(Records contained in a dataset)
^^^^^^^^^^^^^^^^

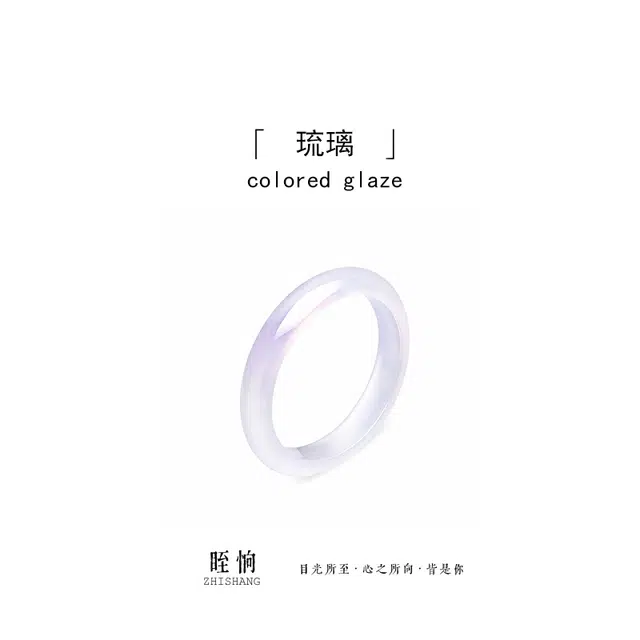 紫罗兰 眰恦 浪漫梦幻紫 流光溢彩 轻奢感玉镯 一步一响 清冷风好运 琉璃 手镯 女款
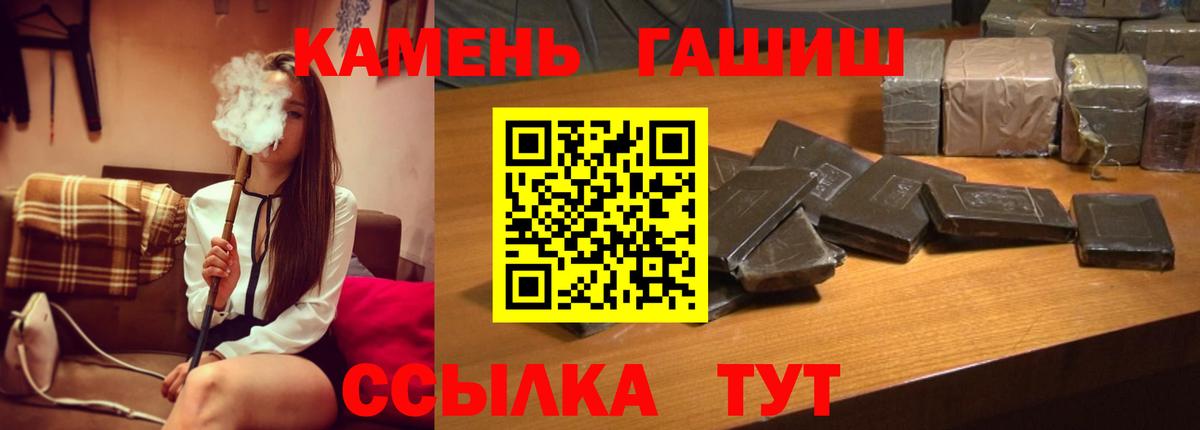 Первоуральск  ГАШ убойный  ГАШ hashish  Вход с VPN 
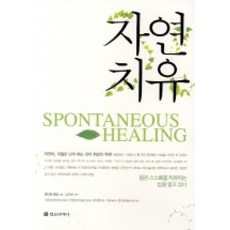 InnerWorldPublishing 自然療法, 安德魯·威爾 著/金玉芬 譯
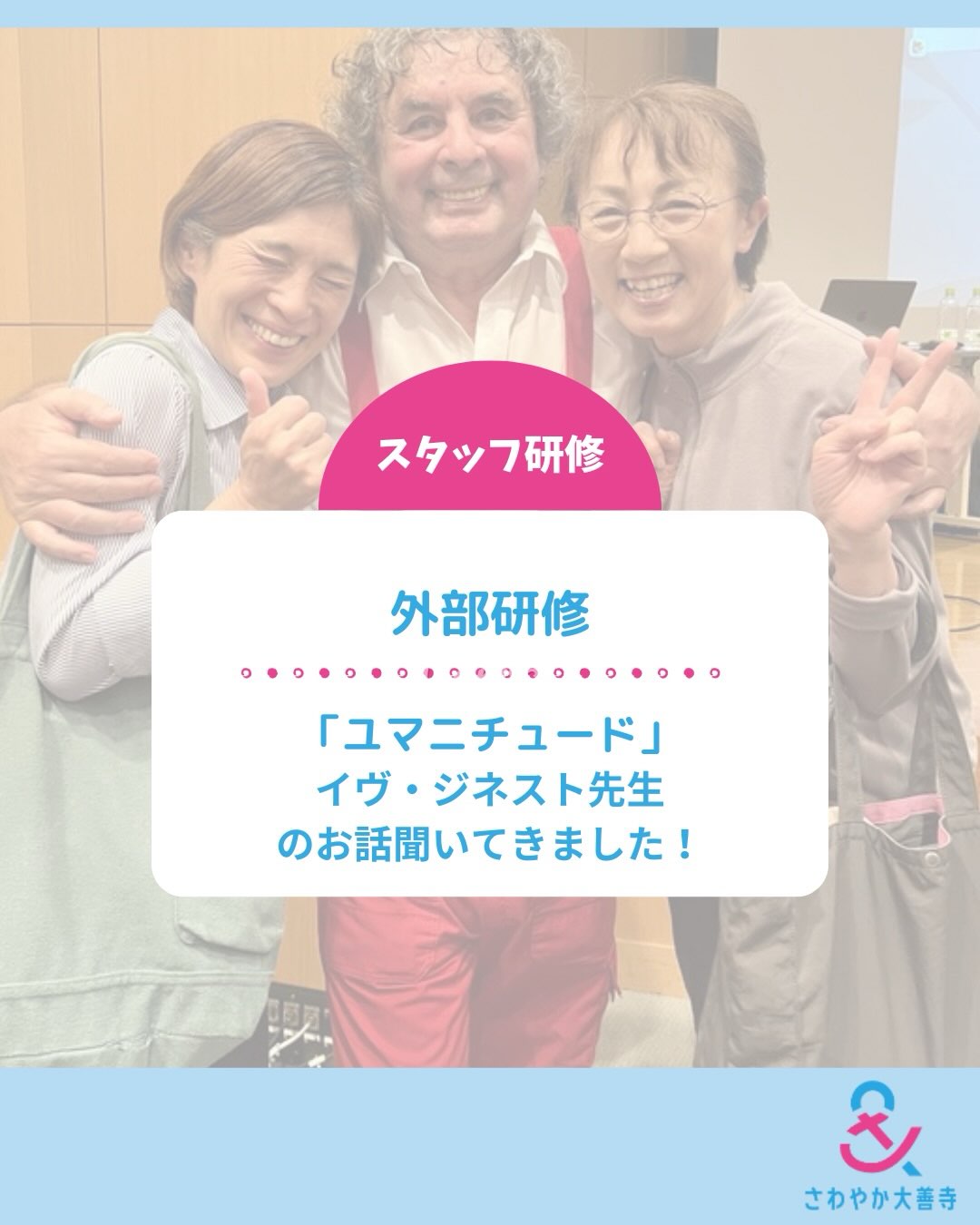 外部研修「ユマニチュード」イヴ・ジネスト先生のお話聞いてきました!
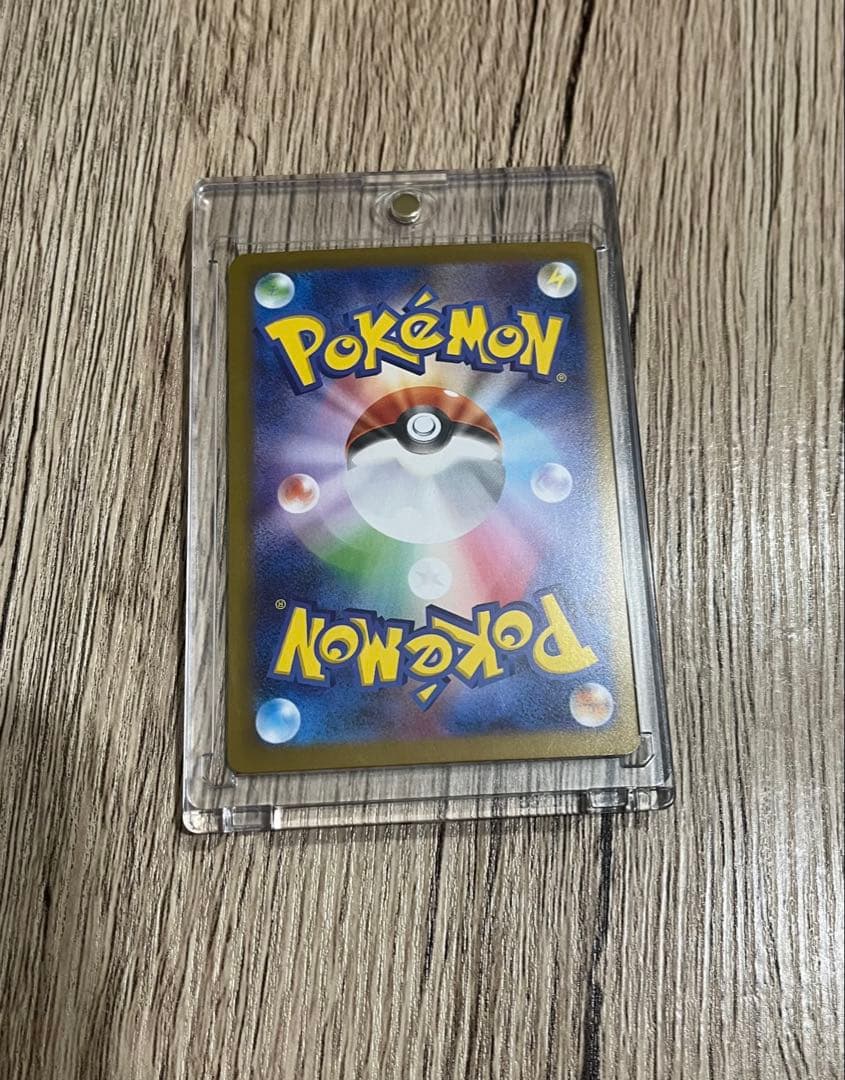 メイのはげまし SAR ポケモンカード　ムニキスゼロ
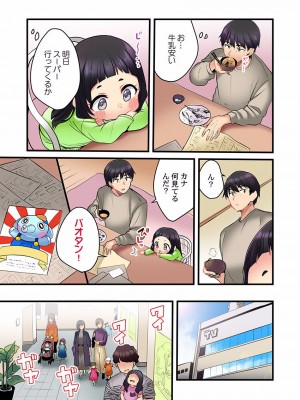 [ギリギリ舞] 歌のお姉さんだってHしたい～こんな顔､TVの前のみんなには見せられないよ… 01-16_035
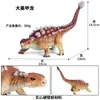 Juguetes de Dinosaurios para Niños, Modelos de Animales Simulados, Tyrannosaurus Rex, Mosasaurus, Spinosaurus, Pterosaurio, Rex, Tyrannosaurus, Brachiosaurus, Brontosaurus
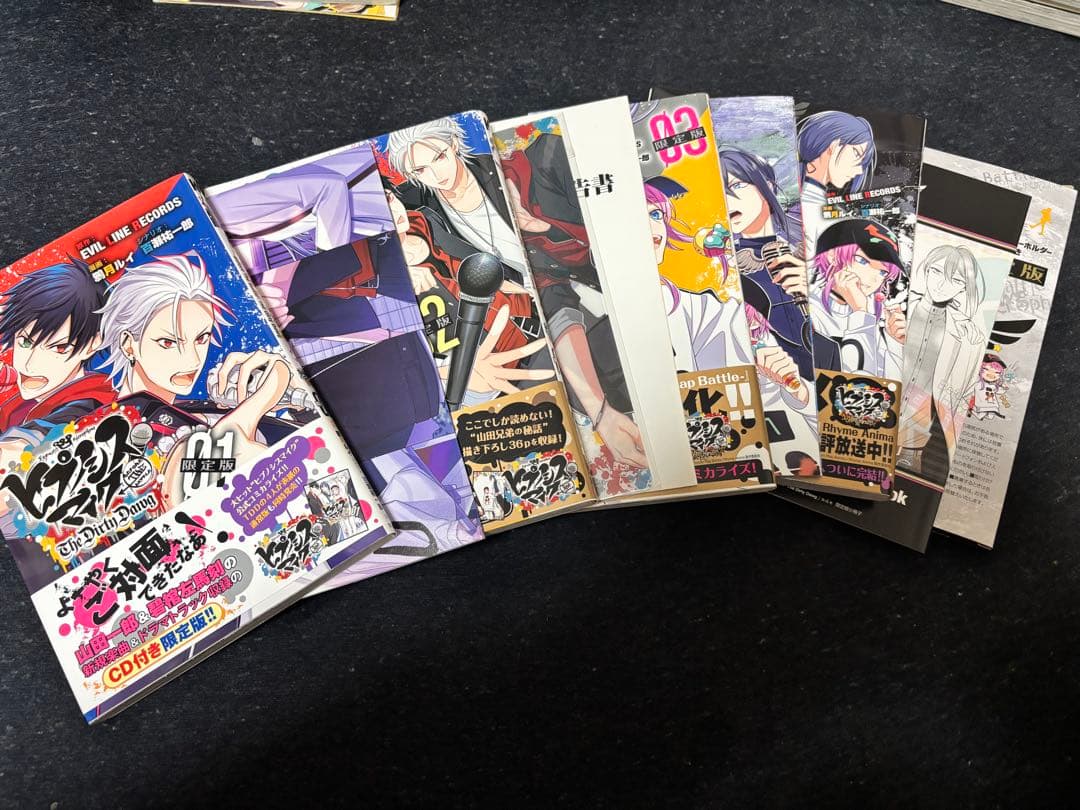 ヒプノシスマイク 漫画限定版 まとめ売り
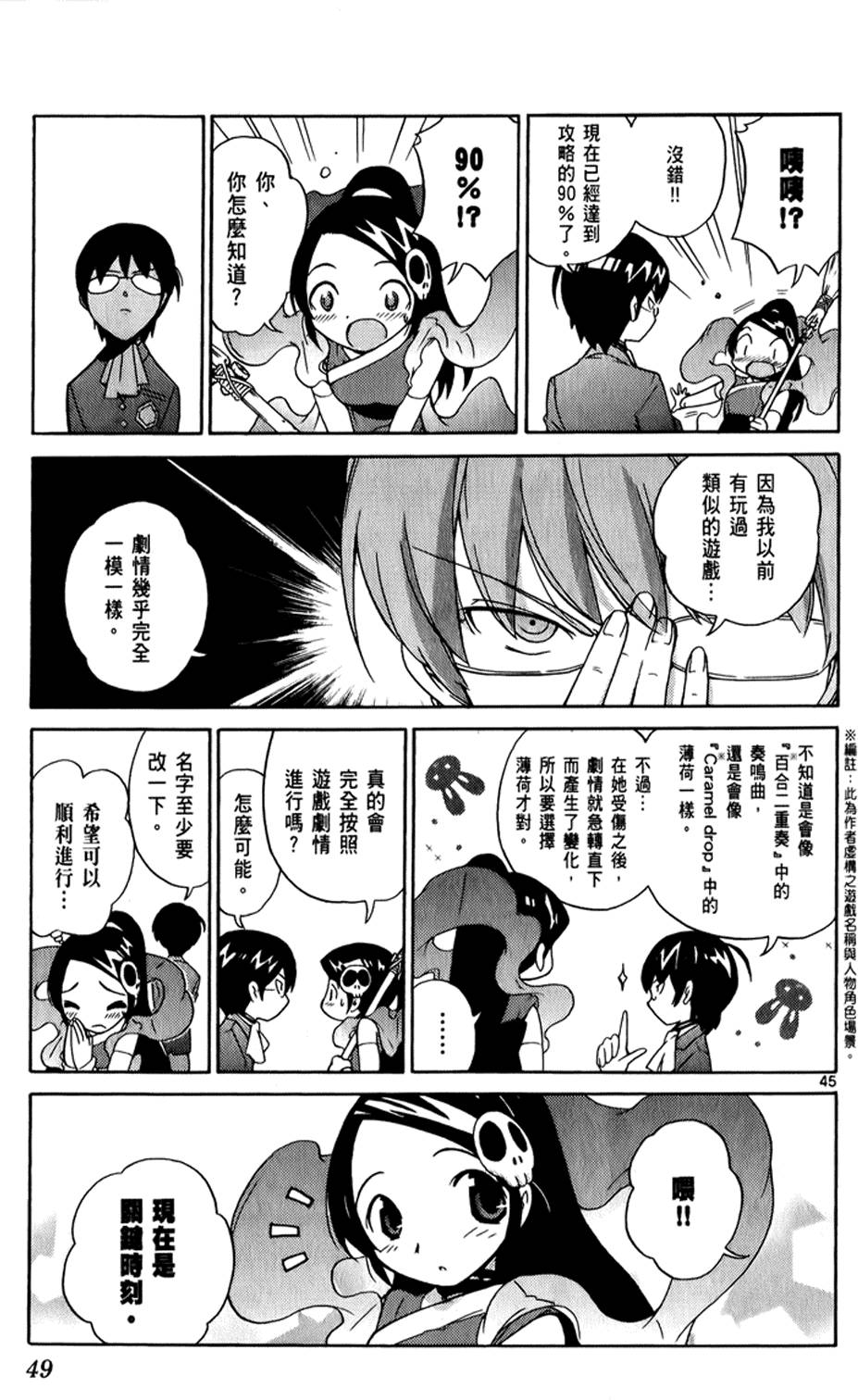 第46页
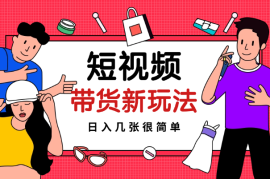 快手短视频带货项目新玩法，日入几张很简单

^^^^^^^^^^^^^^^^

- [Action item]
No pictures should appear in the copy. Reproduce exactly the lines from the line containing "外部研修「ユマニチュード」イヴ・ジネスト先生のお話聞いてきました!" through the last line of the data, inclusive.

- [Response to this exercise]
 外部研修「ユマニチュード」イヴ・ジネスト先生のお話聞いてきました!
 メイのはげまし SAR ポケモンカード　ムニキスゼロ
 [ギリギリ舞] 歌のお姉さんだってHしたい～こんな顔､TVの前のみんなには見せられないよ… 01-16_035
 Juguetes de Dinosaurios para Niños, Modelos de Animales Simulados, Tyrannosaurus Rex, Mosasaurus, Spinosaurus, Pterosaurio, Rex, Tyrannosaurus, Brachiosaurus, Brontosaurus
 ヒプノシスマイク 漫画限定版 まとめ売り
 第46页
 快手短视频带货项目新玩法，日入几张很简单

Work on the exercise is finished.